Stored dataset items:
..........
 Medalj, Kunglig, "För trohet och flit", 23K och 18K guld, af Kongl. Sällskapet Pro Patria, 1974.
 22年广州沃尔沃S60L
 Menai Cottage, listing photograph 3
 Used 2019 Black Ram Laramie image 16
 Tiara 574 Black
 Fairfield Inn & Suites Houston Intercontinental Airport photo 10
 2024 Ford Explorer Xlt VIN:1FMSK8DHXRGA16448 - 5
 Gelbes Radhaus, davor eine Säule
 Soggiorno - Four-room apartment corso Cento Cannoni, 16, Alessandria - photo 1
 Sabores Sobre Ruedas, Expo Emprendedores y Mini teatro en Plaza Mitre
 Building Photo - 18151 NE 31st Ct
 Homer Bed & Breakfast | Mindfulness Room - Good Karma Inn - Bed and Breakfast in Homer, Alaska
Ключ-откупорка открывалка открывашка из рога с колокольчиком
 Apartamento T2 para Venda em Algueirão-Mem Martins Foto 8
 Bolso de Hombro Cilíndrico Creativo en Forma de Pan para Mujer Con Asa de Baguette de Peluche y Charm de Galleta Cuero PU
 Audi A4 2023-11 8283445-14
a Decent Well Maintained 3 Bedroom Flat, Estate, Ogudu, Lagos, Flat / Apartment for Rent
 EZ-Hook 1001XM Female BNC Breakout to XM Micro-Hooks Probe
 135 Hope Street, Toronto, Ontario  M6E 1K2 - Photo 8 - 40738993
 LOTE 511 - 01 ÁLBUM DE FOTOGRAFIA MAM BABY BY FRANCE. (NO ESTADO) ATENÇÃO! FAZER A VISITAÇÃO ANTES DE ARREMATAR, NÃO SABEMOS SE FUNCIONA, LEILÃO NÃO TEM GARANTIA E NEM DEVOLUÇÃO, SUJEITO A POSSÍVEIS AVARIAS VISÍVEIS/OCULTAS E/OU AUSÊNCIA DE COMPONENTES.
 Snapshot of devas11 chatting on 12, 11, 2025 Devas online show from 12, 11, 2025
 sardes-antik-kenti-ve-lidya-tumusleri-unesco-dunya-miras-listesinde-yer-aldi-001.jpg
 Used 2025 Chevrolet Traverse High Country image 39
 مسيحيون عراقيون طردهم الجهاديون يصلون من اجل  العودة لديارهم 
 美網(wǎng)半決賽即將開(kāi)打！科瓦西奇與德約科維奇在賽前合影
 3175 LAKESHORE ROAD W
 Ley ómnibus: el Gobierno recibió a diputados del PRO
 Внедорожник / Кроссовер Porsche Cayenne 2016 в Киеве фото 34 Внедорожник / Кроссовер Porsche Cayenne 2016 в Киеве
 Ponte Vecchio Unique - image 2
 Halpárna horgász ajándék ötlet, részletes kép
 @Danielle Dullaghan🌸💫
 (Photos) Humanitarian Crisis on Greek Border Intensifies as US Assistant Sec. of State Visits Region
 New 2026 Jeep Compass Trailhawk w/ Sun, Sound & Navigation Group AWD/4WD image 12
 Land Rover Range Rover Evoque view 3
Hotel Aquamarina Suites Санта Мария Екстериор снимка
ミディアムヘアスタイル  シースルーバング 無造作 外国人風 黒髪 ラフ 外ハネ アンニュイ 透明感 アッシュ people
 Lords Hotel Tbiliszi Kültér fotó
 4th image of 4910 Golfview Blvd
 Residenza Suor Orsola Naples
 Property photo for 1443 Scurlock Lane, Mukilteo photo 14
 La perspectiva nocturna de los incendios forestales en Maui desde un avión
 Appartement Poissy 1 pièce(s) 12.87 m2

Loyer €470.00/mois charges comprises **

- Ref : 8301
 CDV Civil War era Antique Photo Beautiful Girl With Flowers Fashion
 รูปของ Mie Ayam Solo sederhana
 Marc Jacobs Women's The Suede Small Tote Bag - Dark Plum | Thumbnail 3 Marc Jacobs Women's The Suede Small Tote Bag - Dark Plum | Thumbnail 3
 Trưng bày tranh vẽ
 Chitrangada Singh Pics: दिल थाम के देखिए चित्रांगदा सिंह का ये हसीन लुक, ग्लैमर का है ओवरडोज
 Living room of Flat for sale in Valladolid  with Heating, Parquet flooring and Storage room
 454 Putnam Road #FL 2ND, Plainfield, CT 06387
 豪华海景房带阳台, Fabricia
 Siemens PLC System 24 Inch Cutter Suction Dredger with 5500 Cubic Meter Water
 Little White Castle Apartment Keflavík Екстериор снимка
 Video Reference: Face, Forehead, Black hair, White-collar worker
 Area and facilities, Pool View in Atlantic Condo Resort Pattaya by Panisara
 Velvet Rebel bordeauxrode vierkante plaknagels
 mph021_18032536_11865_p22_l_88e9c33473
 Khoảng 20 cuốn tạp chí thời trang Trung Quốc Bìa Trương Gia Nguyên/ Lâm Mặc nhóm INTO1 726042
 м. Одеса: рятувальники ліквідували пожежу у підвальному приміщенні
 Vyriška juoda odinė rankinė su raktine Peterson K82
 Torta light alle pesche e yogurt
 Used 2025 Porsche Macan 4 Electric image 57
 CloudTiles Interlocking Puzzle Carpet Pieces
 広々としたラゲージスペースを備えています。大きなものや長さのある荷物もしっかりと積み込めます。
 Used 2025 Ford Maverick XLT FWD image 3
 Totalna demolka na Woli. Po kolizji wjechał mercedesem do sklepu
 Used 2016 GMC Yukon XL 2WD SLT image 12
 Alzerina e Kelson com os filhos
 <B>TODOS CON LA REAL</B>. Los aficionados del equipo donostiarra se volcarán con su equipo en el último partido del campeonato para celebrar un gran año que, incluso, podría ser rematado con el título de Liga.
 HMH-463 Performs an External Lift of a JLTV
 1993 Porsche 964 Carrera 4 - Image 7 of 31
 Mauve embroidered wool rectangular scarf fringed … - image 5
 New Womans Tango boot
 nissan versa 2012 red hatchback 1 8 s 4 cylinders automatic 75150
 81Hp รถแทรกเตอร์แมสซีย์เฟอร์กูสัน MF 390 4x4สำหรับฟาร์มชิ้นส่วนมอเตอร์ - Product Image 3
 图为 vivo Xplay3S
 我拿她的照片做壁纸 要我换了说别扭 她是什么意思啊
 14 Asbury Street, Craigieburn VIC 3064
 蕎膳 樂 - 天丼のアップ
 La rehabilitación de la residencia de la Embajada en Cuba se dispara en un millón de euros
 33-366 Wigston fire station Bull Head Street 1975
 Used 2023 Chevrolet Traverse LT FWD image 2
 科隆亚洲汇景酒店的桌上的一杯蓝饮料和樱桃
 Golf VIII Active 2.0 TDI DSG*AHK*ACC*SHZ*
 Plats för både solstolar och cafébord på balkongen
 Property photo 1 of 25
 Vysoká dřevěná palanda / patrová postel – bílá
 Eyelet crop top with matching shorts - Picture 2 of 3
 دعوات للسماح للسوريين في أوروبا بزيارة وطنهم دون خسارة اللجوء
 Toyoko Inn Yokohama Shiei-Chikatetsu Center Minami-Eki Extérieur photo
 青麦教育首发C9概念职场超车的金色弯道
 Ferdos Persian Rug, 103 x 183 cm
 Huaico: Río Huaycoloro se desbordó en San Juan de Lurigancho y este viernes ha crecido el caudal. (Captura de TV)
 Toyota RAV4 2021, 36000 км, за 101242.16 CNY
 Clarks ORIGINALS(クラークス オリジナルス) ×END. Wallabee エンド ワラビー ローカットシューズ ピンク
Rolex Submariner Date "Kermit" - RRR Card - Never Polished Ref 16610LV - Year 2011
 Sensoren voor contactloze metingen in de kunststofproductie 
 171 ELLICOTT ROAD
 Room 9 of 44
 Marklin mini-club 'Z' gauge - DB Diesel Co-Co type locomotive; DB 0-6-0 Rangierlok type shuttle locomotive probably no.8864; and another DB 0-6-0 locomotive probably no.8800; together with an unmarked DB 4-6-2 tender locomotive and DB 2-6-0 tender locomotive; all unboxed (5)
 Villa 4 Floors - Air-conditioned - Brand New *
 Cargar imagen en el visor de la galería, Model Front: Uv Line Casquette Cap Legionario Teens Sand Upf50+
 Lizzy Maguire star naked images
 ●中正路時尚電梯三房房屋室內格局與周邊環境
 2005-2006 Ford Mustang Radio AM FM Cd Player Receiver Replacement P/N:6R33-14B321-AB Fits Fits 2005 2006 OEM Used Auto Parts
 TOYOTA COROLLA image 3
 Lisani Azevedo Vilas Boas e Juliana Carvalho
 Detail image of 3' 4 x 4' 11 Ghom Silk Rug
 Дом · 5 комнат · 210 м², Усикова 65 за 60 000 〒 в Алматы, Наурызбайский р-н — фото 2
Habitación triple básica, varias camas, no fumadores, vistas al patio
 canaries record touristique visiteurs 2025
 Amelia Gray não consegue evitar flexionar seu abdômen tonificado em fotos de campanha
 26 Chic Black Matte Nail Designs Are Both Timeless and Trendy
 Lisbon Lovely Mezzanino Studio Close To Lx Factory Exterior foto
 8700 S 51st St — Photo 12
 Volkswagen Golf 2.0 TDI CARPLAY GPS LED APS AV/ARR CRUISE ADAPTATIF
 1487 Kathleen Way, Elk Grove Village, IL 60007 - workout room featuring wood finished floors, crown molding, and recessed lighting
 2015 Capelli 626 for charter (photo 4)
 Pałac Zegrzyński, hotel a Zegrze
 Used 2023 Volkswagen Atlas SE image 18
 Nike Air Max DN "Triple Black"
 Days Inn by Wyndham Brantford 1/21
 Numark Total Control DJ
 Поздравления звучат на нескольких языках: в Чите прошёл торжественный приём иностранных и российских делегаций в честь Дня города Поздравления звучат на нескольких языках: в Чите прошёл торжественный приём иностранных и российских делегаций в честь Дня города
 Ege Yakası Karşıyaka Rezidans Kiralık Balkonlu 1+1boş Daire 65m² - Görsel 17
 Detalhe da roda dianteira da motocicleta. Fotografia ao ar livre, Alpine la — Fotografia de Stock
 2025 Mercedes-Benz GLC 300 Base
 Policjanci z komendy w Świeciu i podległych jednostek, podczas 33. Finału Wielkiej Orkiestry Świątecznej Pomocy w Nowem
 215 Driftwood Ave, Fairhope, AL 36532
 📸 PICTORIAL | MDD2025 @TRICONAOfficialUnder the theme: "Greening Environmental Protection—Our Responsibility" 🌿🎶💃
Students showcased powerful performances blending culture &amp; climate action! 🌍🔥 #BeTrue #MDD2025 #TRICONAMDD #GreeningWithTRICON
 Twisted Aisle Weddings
..........
Work request:
Exact copies of the lines from the start of the data up to the line holding "Apartamento T2 para", both included, are all that is needed.

Result for this exercise:
 Medalj, Kunglig, "För trohet och flit", 23K och 18K guld, af Kongl. Sällskapet Pro Patria, 1974.
 22年广州沃尔沃S60L
 Menai Cottage, listing photograph 3
 Used 2019 Black Ram Laramie image 16
 Tiara 574 Black
 Fairfield Inn & Suites Houston Intercontinental Airport photo 10
 2024 Ford Explorer Xlt VIN:1FMSK8DHXRGA16448 - 5
 Gelbes Radhaus, davor eine Säule
 Soggiorno - Four-room apartment corso Cento Cannoni, 16, Alessandria - photo 1
 Sabores Sobre Ruedas, Expo Emprendedores y Mini teatro en Plaza Mitre
 Building Photo - 18151 NE 31st Ct
 Homer Bed & Breakfast | Mindfulness Room - Good Karma Inn - Bed and Breakfast in Homer, Alaska
Ключ-откупорка открывалка открывашка из рога с колокольчиком
 Apartamento T2 para Venda em Algueirão-Mem Martins Foto 8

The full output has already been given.